Es regnet. Schneematsch auf den Gehsteigen. Kein Wetter für einen mittäglichen Bummel über den Freitagsmarkt. Nur schnell Salat und Zeitung kaufen und wieder rein ins warme Büro. Doch während ich an den Kiosken vorbeihaste und aus den Augenwinkeln das Angebot in der Vitrine des Fleischhauers überfliege, sticht mir etwas ins Auge. Ich bleibe stehen und schaue ungläubig auf das, was da liegt: helles Fleisch, dunkelblaue Haxerl, schönes französisches Etikett.
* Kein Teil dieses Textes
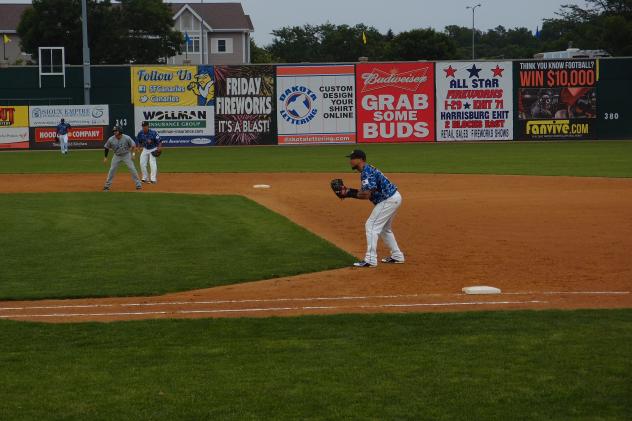 Sioux Falls Canaries in Action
Mein erstes und bisher einziges Bressehuhn hatte ich vor einigen Jahren in Cuiseaux gegessen, selbst zubereitet noch nie eines. Damals war ich total beigeistert, noch nie hatte ich ein so gutes Huhn bekommen. Ich wäre auch nie auf die Idee gekommen, in unserer Stadt nach einem Bressehuhn zu suchen, hielt das sowieso für aussichtslos. Ich überlegte genau zwei Zehntelsekunden und kaufte dann das Huhn. In Cuiseaux wurde es in einer Morchel-Obers-Sauce serviert, mit karamellisiertem Chicoree und kleinen, flaumigen Crepes Parmentier. Chicoree wird bei mir durch Radicchio Tardivo ersetzt, ansonsten bleibt alles gleich.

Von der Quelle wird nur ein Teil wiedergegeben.